Je pense que non. La mère ne parle pas hébreu. Le père est probablement d’origine juive, mais ce n’est pas sûr. Il y a un flottement. Un mystère. On dit qu’il est peut-être l’enfant naturel du dernier Juif du village. Je crois qu’il était tout simplement très proche d’eux, qu’il les a beaucoup aimés. Je suis persuadée que le livre en question est un livre de piété en lettres gothiques. C’était donc un livre hongrois, mais en lettres gothiques, que la mère pouvait lire, en le déchiffrant difficilement. On sait que la mère était très croyante, très pieuse. Elle essayait d’introduire ses enfants dans la religion. Elle priait avec eux. Quand l’institutrice leur rend visite, elle remarque tout de suite la présence d’un chandelier.
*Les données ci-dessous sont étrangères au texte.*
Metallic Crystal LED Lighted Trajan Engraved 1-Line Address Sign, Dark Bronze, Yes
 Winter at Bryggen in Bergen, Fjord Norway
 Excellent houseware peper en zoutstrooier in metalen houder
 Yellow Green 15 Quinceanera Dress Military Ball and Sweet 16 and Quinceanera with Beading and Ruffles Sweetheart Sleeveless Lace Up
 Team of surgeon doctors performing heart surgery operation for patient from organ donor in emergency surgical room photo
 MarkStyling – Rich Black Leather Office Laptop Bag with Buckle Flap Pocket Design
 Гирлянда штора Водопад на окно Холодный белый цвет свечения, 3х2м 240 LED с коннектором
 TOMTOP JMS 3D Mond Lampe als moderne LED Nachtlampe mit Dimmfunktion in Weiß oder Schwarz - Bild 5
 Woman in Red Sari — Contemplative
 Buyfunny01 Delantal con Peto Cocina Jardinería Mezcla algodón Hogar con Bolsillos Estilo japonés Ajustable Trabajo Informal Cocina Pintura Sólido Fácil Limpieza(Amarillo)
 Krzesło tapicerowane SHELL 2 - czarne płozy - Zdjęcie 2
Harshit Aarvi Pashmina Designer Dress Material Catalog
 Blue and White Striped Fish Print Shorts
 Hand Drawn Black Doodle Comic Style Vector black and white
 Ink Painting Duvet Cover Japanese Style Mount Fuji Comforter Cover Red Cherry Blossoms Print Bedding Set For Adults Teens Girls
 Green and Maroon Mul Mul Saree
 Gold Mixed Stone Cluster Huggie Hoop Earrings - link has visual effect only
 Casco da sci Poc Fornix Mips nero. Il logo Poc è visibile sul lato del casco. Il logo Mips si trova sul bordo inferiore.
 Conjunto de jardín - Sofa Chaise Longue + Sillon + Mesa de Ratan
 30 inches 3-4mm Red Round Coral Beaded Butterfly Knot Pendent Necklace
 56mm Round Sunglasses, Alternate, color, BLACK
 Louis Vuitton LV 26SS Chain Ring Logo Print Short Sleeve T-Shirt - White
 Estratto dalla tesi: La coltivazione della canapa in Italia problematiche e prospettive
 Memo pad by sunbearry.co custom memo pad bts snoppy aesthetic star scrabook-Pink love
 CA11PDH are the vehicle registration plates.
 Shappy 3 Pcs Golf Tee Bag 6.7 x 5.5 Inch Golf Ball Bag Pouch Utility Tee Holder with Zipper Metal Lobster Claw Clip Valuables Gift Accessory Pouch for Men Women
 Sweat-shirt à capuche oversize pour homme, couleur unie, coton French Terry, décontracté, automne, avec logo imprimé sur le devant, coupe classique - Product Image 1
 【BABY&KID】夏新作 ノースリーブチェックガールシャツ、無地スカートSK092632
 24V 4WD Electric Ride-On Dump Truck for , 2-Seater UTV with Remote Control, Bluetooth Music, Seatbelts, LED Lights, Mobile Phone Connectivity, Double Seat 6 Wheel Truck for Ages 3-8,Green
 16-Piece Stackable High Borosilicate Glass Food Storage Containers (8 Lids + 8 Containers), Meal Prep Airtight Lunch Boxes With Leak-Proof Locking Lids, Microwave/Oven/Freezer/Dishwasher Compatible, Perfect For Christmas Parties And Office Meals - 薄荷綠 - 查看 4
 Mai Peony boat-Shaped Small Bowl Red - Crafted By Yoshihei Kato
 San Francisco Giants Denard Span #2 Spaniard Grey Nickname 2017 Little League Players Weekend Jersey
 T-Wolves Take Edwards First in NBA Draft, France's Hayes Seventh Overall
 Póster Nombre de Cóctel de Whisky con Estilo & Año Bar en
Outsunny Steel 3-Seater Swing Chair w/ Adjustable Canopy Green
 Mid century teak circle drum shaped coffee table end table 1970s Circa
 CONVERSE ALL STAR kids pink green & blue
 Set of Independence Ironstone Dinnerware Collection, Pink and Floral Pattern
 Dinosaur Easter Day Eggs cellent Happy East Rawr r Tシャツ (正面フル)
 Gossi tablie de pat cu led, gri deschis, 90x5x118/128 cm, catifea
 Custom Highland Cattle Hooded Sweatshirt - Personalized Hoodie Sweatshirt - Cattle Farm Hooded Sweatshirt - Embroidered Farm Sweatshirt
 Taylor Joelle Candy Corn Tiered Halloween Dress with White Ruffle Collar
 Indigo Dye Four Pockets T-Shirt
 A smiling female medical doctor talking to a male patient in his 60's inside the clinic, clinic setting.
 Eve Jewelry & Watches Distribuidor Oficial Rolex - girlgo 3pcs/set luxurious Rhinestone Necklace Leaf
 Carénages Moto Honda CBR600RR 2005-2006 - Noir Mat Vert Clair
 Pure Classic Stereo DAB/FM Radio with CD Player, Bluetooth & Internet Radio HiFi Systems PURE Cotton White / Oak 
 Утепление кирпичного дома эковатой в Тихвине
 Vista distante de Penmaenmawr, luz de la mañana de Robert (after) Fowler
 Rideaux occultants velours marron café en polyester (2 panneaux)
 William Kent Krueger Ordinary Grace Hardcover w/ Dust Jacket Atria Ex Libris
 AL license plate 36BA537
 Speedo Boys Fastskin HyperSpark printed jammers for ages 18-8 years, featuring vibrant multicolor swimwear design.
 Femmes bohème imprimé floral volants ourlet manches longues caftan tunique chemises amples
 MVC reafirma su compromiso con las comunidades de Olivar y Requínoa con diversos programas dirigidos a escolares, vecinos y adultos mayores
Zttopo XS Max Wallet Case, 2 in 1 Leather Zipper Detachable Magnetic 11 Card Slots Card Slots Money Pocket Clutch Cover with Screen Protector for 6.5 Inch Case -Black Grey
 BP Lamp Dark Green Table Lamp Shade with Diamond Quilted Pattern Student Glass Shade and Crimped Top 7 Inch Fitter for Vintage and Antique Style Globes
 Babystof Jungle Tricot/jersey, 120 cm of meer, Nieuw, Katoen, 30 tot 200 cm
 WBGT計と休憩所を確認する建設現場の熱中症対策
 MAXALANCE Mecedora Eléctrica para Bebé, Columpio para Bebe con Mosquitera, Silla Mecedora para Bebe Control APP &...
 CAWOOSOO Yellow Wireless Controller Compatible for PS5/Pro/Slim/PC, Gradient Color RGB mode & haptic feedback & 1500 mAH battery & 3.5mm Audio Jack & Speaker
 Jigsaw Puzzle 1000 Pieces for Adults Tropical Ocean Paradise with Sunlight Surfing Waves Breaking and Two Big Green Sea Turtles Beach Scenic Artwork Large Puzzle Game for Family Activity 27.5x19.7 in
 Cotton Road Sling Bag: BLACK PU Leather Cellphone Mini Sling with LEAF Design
À cette époque, jusqu’aux années 1970, on devait se méfier des visiteurs qui inspectaient les objets. Y compris les bibliothèques. Il fallait mettre les livres interdits au deuxième rang. Déjà pour leur religion, la famille se sentait différente. Parce que les grecs-catholiques sont minoritaires en Hongrie. Szilárd Borbély dit dans l’une de ses interviews qu’il aimait beaucoup la liturgie de cette religion et que, en assistant à une messe, il sentait la présence de sa mère. C’est toujours avec sa mère qu’il se rendait à ces cérémonies qui se déroulaient dans une maison ou bien dans la cour d’une maison, presque clandestinement. Si le milieu décrit dans le livre est tellement cruel, c’est aussi parce qu’il manquait de spiritualité, il était extrêmement matérialiste.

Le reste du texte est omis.